• [Entries supplied]:
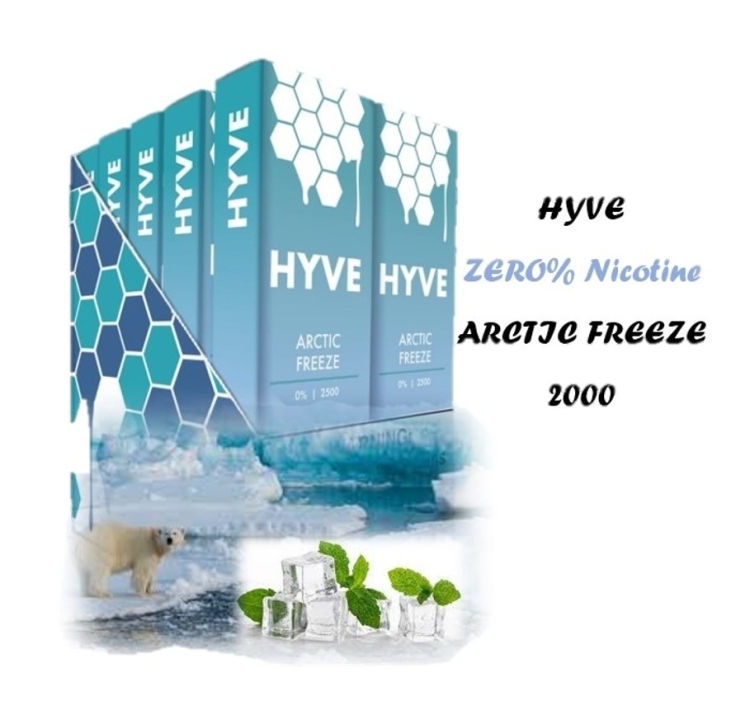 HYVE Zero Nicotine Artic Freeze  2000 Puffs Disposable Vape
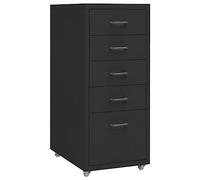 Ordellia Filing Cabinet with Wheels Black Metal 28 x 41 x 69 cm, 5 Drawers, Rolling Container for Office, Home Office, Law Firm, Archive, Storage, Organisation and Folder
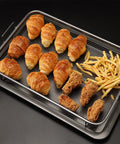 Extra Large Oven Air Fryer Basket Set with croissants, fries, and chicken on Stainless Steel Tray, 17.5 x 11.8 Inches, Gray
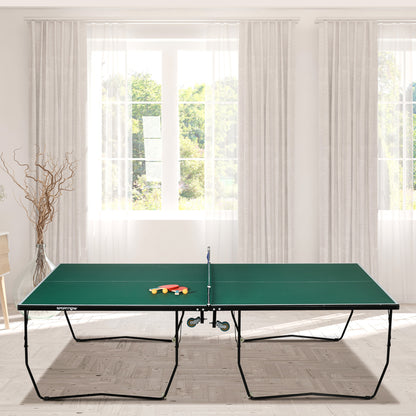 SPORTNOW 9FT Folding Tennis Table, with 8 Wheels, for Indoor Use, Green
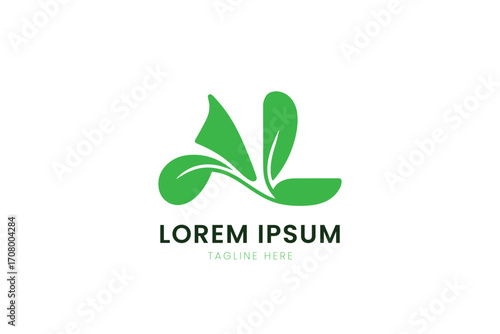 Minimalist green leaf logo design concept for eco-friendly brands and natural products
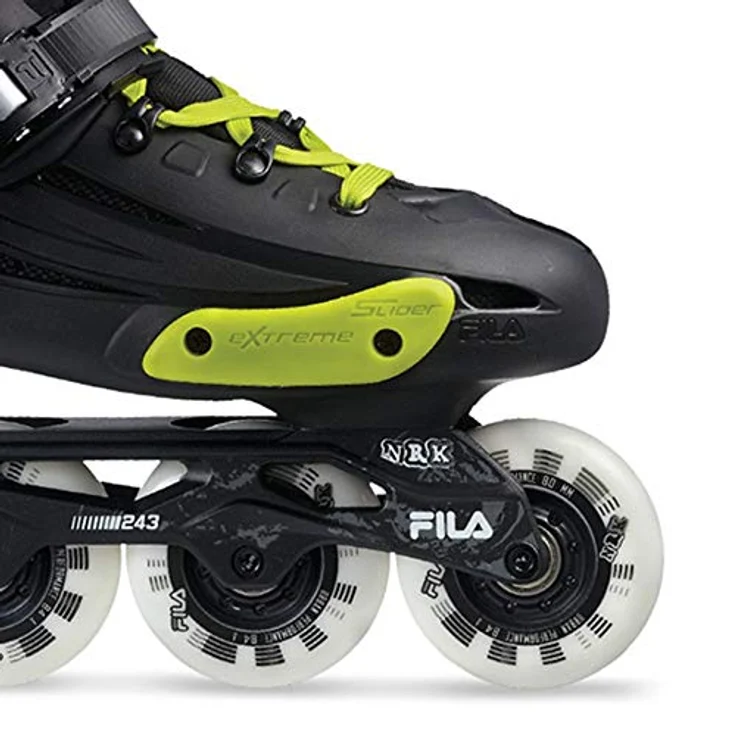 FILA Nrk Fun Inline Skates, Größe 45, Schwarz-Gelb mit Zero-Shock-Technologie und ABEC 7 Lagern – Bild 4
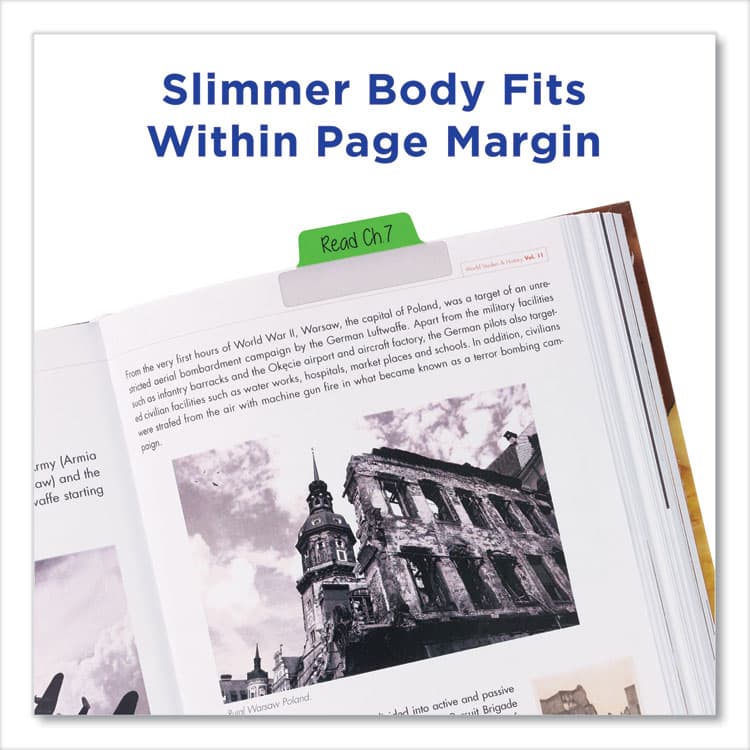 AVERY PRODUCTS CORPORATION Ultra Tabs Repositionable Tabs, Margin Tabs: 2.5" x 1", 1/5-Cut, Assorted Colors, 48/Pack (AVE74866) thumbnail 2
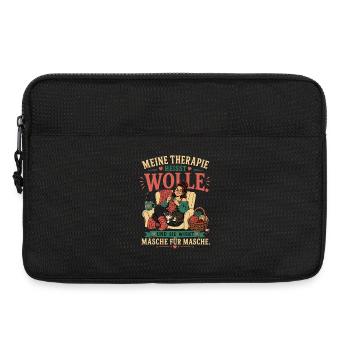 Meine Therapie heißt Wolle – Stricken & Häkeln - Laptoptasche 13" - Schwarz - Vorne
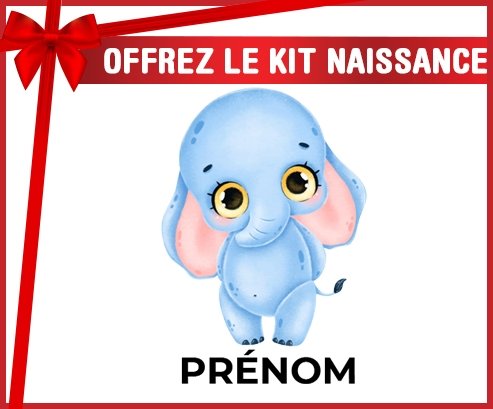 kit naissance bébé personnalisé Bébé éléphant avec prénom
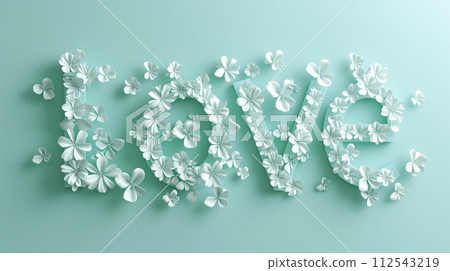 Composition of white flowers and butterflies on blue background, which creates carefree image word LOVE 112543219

• [Task brief]:
Restate the data word for word without pictures.

• [Answer]:
 HYVE Zero Nicotine Artic Freeze  2000 Puffs Disposable Vape
 Ordellia Filing Cabinet with Wheels Black Metal 28 x 41 x 69 cm, 5 Drawers, Rolling Container for Office, Home Office, Law Firm, Archive, Storage, Organisation and Folder
 Extra Large Oven Air Fryer Basket Set with croissants, fries, and chicken on Stainless Steel Tray, 17.5 x 11.8 Inches, Gray
 SPORTNOW 9FT Folding Tennis Table, with 8 Wheels, for Indoor Use, Green
 Minimalist green leaf logo design concept for eco-friendly brands and natural products
 FILA Nrk Fun Inline Skates, Größe 45, Schwarz-Gelb mit Zero-Shock-Technologie und ABEC 7 Lagern – Bild 4
 AVERY PRODUCTS CORPORATION Ultra Tabs Repositionable Tabs, Margin Tabs: 2.5" x 1", 1/5-Cut, Assorted Colors, 48/Pack (AVE74866) thumbnail 2
 Meine Therapie heißt Wolle – Stricken & Häkeln - Laptoptasche 13" - Schwarz - Vorne
 kit naissance bébé personnalisé Bébé éléphant avec prénom
 Composition of white flowers and butterflies on blue background, which creates carefree image word LOVE 112543219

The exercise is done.